Two doors down from the tea shop, we entered a restaurant that read 콩나물국밥 in stylized letters. Inside, the shop was basic, with simple tables and lacquered tree stumps for seats. Choon-ju directed me to a table and told me that she would pay for my breakfast, despite my protests. She even carried my side dishes to my table. I figured that she was friends with the owners, as she made herself at home in the kitchen area.


The bean sprouts were fresh and crunchy, the broth flavourful. The proper way to eat this dish is to place a square of seaweed on top and, using chopsticks, wrap the seaweed around the sprouts and make a blanket, which you pop in your mouth.

I have a video that I'll eventually share.

One of my favourite restaurants in 1997 and 1998 was a place that was located kitty-corner to my old hagwon (learning institute), Sinpo Woori Mandoo. In addition to making tasty mandoo, this Korean chain also had the best dolsot bipimbap, a rice and vegetable dish that is served in a hot, stone bowl. A raw egg is served on top, and as you stir the ingredients the egg cooks and the rice becomes crispy.
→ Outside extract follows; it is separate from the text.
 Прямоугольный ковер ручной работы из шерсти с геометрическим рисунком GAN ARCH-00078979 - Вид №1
Of course, over the past 20 years, that restaurant was no longer on that corner, and I wasn't even sure that it was still open anywhere. But after a couple of days of keeping my eyes on the lookout, I found the restaurant among the shops that surround what was known as the Core Department Store, not far from the old guest house, the Gaeksa.


The dolsot bipimbap was exactly as I remembered it. Fresh vegetables, crackling rice, and the right amount of spice. My first bite took me back in time.
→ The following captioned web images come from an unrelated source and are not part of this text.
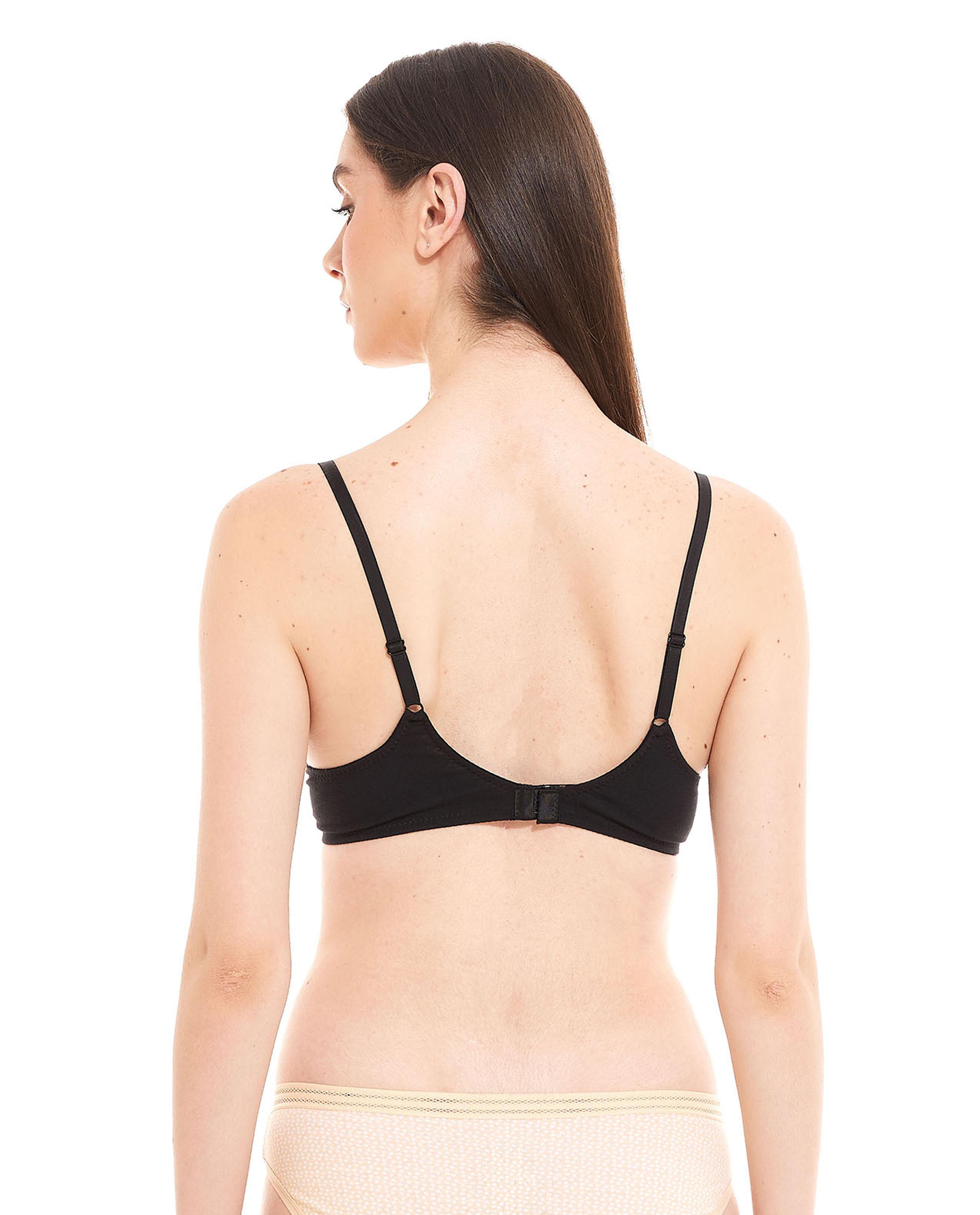 Pack of 2 Solid Lightly Padded Bras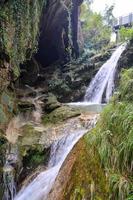 Scenic waterfall view photo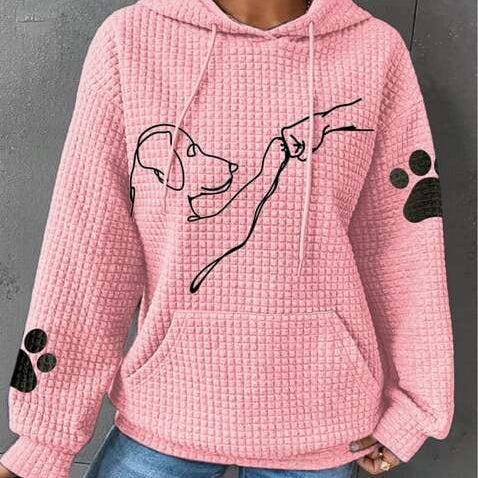 Rosgrove | Women - Cozy Hoodie - Cute Dog Print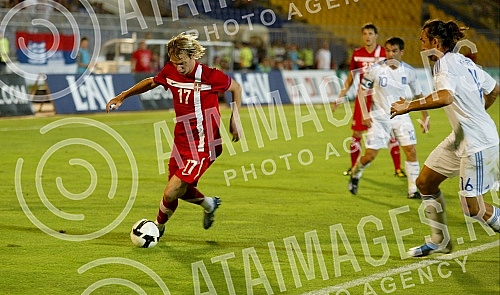 Friendly football match held on stadium Partizan between Serbia and Greece.Prijateljska fudbalska utakmica Srbija - Grcka odigrana na stadionu Partizana.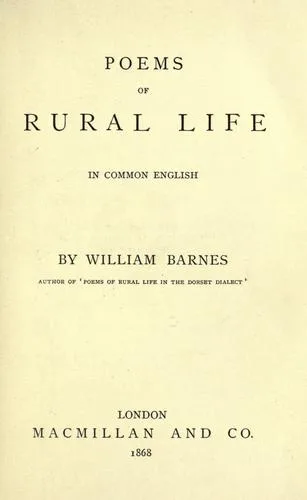 Poems of rural life book cover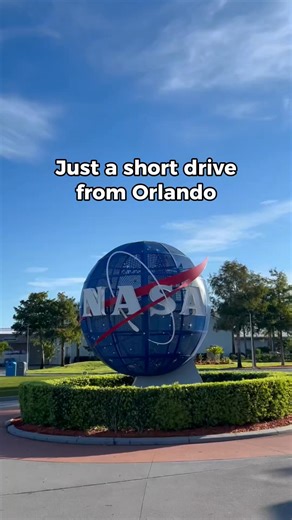 🚗 Just a short drive from Orlando, your stellar getaway awaits! 🚀Get up close with real spacecraft, explore more on the extended KSC Bus Tour, and meet a veteran NASA astronaut! | Kennedy Space Center Visitor Complex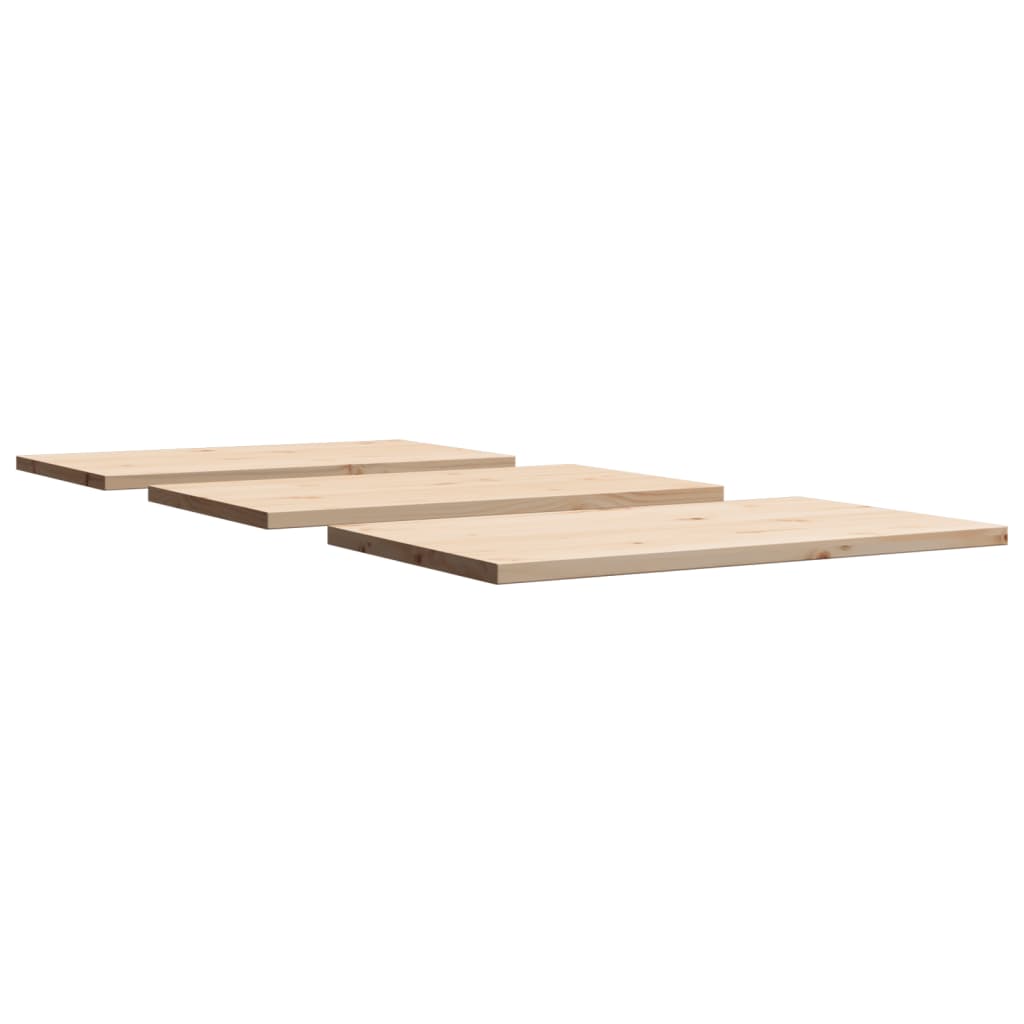 vidaXL Tampos de mesa retangulares 3 pcs 80x47x2,5 cm pinho maciço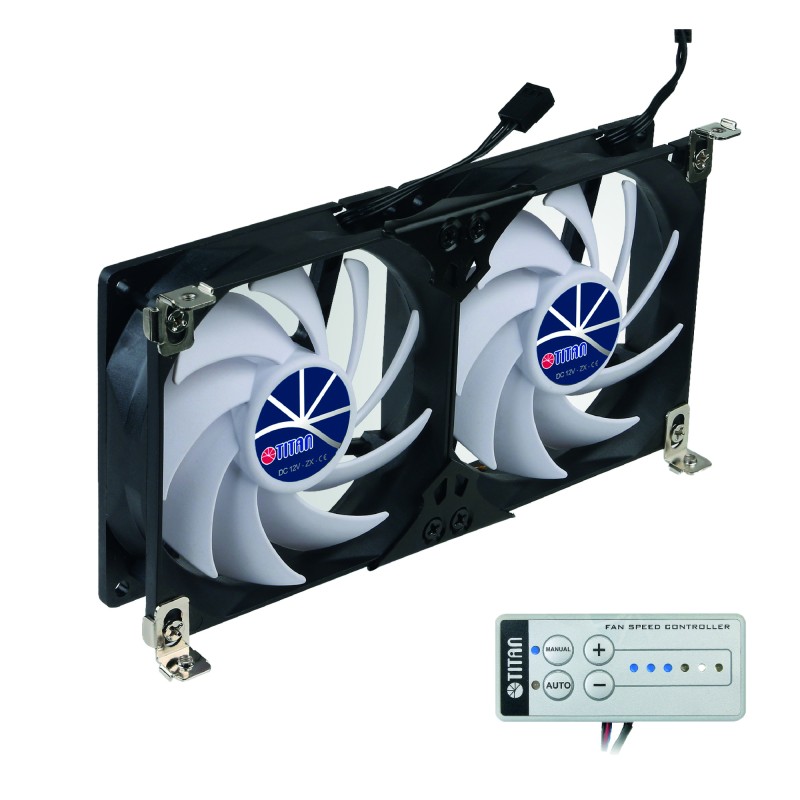 VENTILATEUR DE REFRIGERATEUR TITAN 12 CM AUTOCLIP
The next evening, for dinner, I returned to Sinpo Woori Mandoo for another favourite dish, maemil soba, which is actually Japanese in origin. Black noodles are served next to a bowl of ice-cold broth. On the side is minced garlic and wasabi paste. You take one batch of noodles and dunk it in the broth, and add the garlic and wasabi to taste.


One of the things I also loved about Sinpo (pronounced shin-po) was the side dishes: a yellow, sweet, pickled radish, and kimchi that is crispy and hasn't fermented.
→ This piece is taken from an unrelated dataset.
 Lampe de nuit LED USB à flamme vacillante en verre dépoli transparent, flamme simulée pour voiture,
One evening, as I was contemplating dinner, I had an overwhelming craving for duk-kalbi, a barbecue beef that is wrapped in a lettuce leaf with a variety of side dishes and a pepper paste, samjang. I searched Google for the best duk-kalbi restaurant near me, and there was one in the Hanok Village, less than 10 minutes on foot from my Airbnb. Being in the heart of the tourist zone, however, it wasn't cheap.

But it was worth it.


 
The beef was so succulent and the side dishes fresh and tasty. I even ordered a bottle of a traditional drink, mokoli, which is like a mild, semi-fermented rice wine. It has a milky appearance and the bottle must be shaken well before you pour each serving. It is served in a small bowl, and you must swirl it before each sip.

It was one of my best meals in Chŏnju and I have a story to share, of my experience while I ate, but I'll save that for tomorrow.

There's only one dish that I sought on my trip but never found. It's a bean-paste soup with mussels, called dwen-jahn djigae. Thankfully, we have it at the Korean restaurant in Ottawa, and I plan to satisfy that craving very soon.